野球で盗塁とは、投手が本塁にボールを投げている間に、走者が次の塁へ進むことです。野球の公式記録やスコアブックでは、盗塁はSB(Stolen Base)と記録されます。二塁・三塁・本塁への進塁は盗塁の対象になりますが、一塁を「盗む」ことはありません。
盗塁が認められる条件(基本)
- 走者が自らの判断で次の塁へ進み、守備側が走者を刺そうとしたり阻止しようとしたりした結果、走者の進塁が成功した場合に盗塁(SB)と判定されます。
- 投手の投球動作中や投球直後に走者が出る「スタート(リード)」、捕手の送球をかわして次の塁につく、などが典型的な形です。
- 審判や記録員(スコアラー)は、そのプレーで走者の進塁が主に走者本人の積極的行動によるものか(SB)、あるいは投球の乱れ(ワイルドピッチ・パスボール)や投手のボーク、守備の失策などによるものかを判断して記録します。
盗塁と他のプレーの区別(主な例)
- ワイルドピッチ/パスボールでの進塁:投球や捕球のミスが主因で進塁した場合は、通常は盗塁とは記録されません(WP/PBとして処理)。ただし、走者が明確に投球前から走る気配を見せ、捕手の送球で刺されそうになったが送球が逸れたなど、主因が走者の行動であると判断されればSBが認められることもあります。記録はスコアラーの裁量です。
- ボーク(balk):投手の反則行為(ボーク)で走者が進む場合はボーク進塁であり、盗塁とはなりません。
- 牽制・ピックオフの失敗:牽制やピックオフで送球が逸れて走者が進塁した場合は、送球ミス(捕球エラー)や守備側の失策として処理されることが多く、必ずしもSBにはなりません。やはり主因をスコアラーが判断します。
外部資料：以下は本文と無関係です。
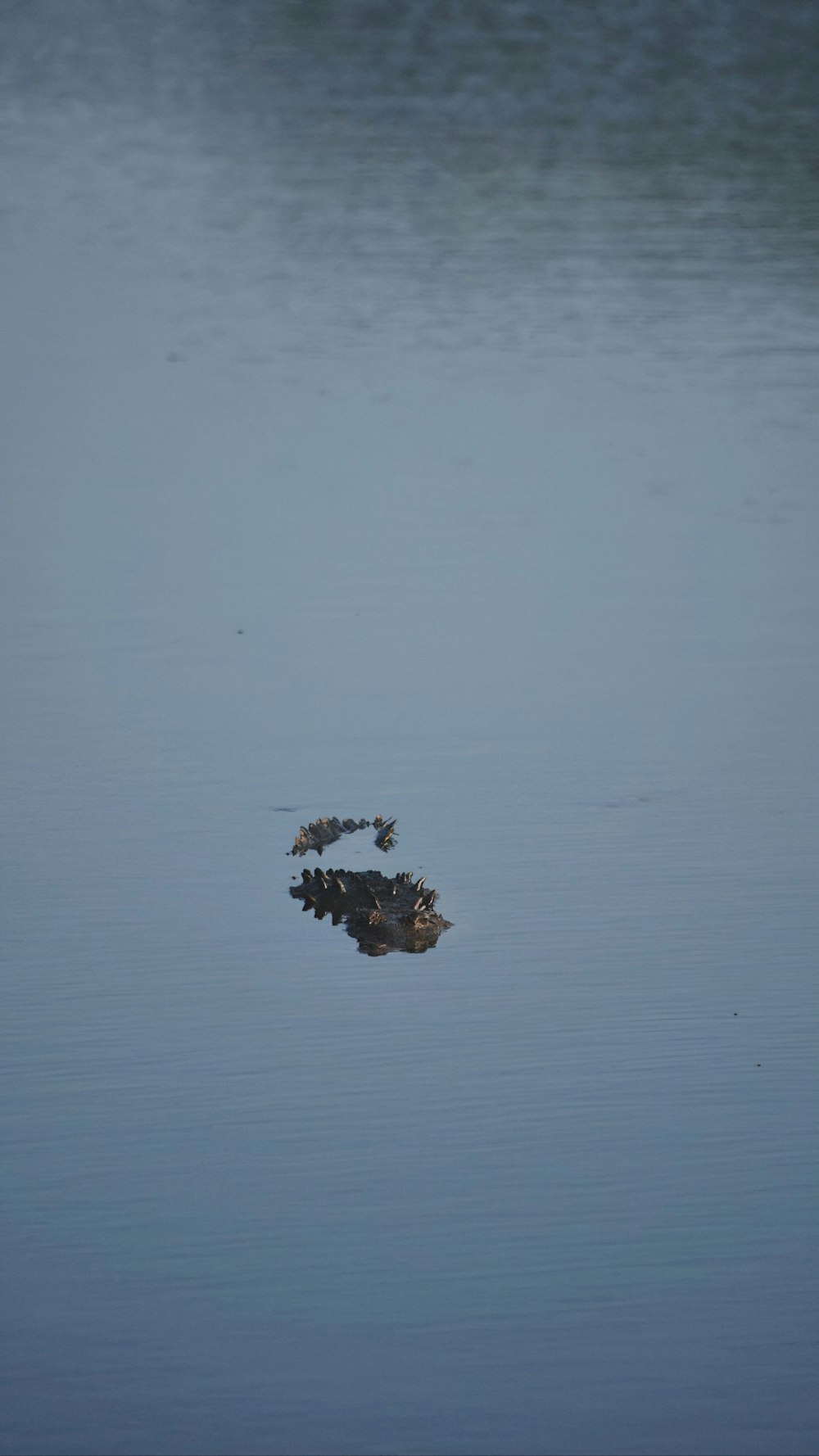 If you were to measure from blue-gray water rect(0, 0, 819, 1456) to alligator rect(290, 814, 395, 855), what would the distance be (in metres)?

- ダブルスチールや交互の走塁:複数走者が同時に進塁した場合でも、それぞれの走者について個別にSBかどうか判定します。守備がどちらに対して投げたか、どの程度阻止を試みたかが判断材料になります。
守備無関心(守備無差別、野手無差別)について
守備側が走者をアウトにしようとする意思を示さず、実際に阻止の動作を行わない場合、その進塁は盗塁と記録されないことがあります。これを一般に守備無関心(守備無差別・野手無差別)と呼びます。例えば、試合終盤に点差が大きくついていて守備チームが走者の進塁を止める必要がないと判断したとき、記録員はその進塁を盗塁ではなく「守備的無関心(defensive indifference)」として扱います。MLBの公式規則ではこの点が明確に定義されており、該当する場合は走者にSBは記録されません(MLB規則10.07(g)参照)。
記録上の扱いと統計
- 略号:盗塁は「SB」、刺された場合は「CS(Caught Stealing)」と表記されます。
- 盗塁成功率:一般にSB成功率は「SB / (SB + CS)」で計算され、走者やチームの評価に使われます。
- 記録は走者個人に付与され、打者の打撃成績には直接影響しません(単独の走者の記録)。
- 記録上の微妙な判断(SBかWP/PBか、あるいはDIか)はスコアラーの裁量に委ねられ、リーグごとにガイドラインや慣例が存在します。NPBでも基本的な考え方はMLBと同様ですが、細部で差があることがあります。
実戦でのポイント・用語
- リード(lead):次の塁に向けて走り出す前のスタンス。大きくとるとスタートが速くなるが牽制で刺されやすくなる。
- セカンドリード/セカンドスライド:二塁コーチや走者の技術でリードを微調整すること。
- スニーク/ダブルスチール:相手の注意をそらして二塁と三塁を同時に狙う作戦など、多彩な戦術があります。
- 本塁盗塁(スティール・ホーム):最もリスクが高く、成功すると効果は大きいプレーです。バッテリーの隙をついて行われます。
まとめ
盗塁は走者の積極的な進塁行為で、スコア上はSBで記録されますが、進塁の主因がワイルドピッチ・パスボール・ボーク・守備の失策・守備的無関心などである場合はSBとは認められません。記録の判定はケースバイケースで、スコアラーの判断やリーグ規則(例:MLB規則10.07(g))に基づいて行われます。盗塁は試合の流れを変える重要な戦術要素であり、記録面でも走者・チームの能力を測る指標の一つです。